Researchers say swarms of tiny drones may take the sting out of a troubling global problem – the collapse of bee populations.
According to the United Nations Food and Agriculture Organization, 71 of the 100 crops that account for almost all the world’s food supply depend on bee pollination. Over the last year, 44 percent of the commercial bee population mysteriously died out. Without bees, we’re in trouble.
And while the mystery of dying colonies may not be resolved any time soon, scientists are developing drones that can pollinate flowers. In a recently published paper, a team led by chemist Eijiro Miyako of Japan’s National Institute of Advanced Industrial Science and Technology report that the application of horse hairs and ionic gel to an “off-the-shelf $100 quadcopter” can successfully mimic bee pollination across a species of Japanese lilies.
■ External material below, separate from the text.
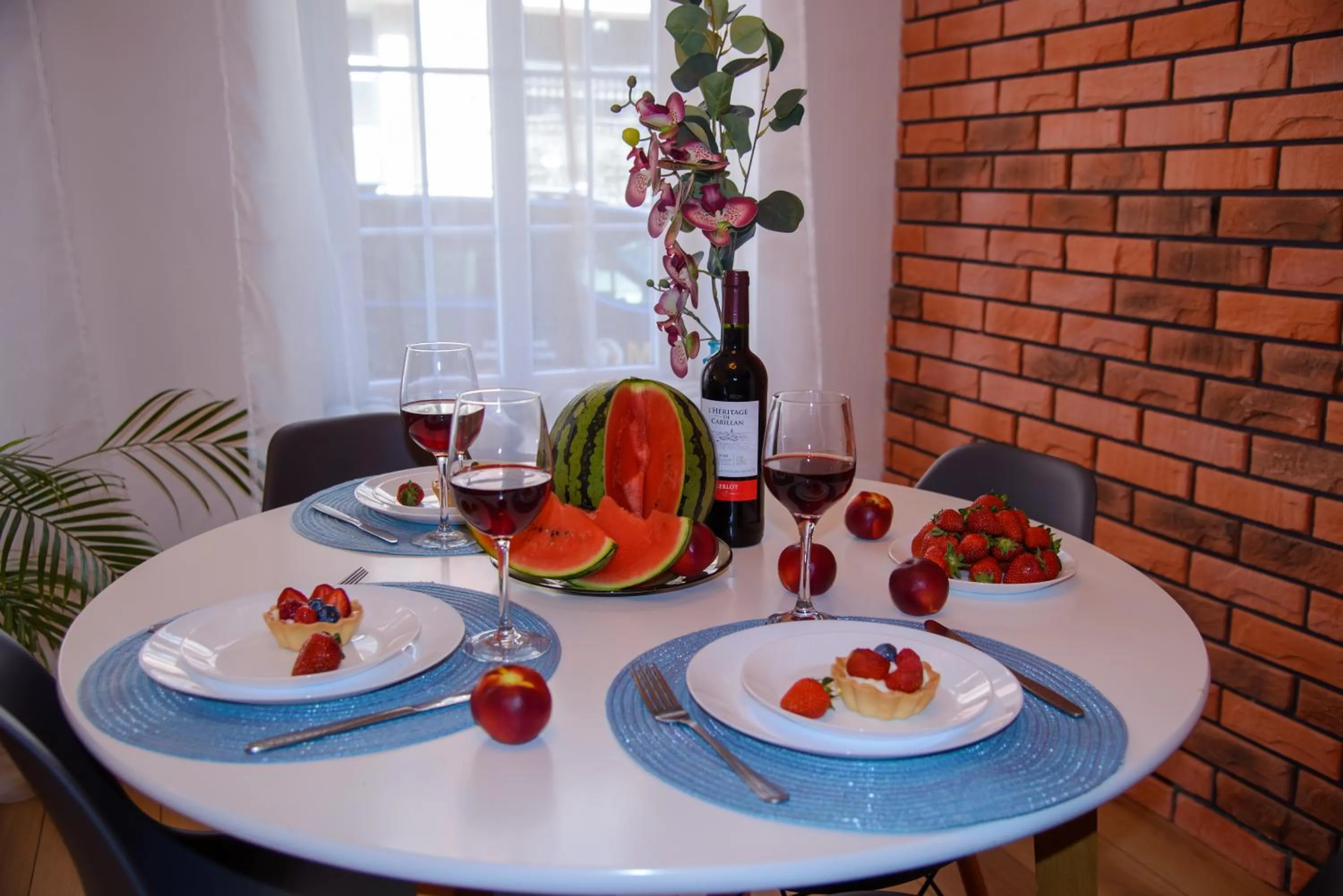 Maya's Flats & Resorts 19 & 20 - Ogarna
Because a larger swarm of drones can now be controlled by a single user (or an autonomous program), bee-like drones are now a possibility rather than a sci-fi scenario.
“The findings, which will have applications for agriculture and robotics, among others, could lead to the development of artificial pollinators and help counter the problems caused by declining honeybee populations,” Miyako said in a press release. “We believe that robotic pollinators could be trained to learn pollination paths using global positioning systems and artificial intelligence.”
The key to the Institute’s successful experiment comes down to the ionic gel. Miyako created the gel in 2007 to be used on electrical components. He considered the concoction a failure and it languished in a storage closet. A few years later, Miyako began to wonder if his gel could be used to carry pollen.
“This project is the result of serendipity,” says Miyako, who worked with postdoctoral fellow and first author Svetlana Chechetka. “We were surprised that after 8 years, the ionic gel didn’t degrade and was still so viscous. Conventional gels are mainly made of water and can’t be used for a long time, so we decided to use this material for research.”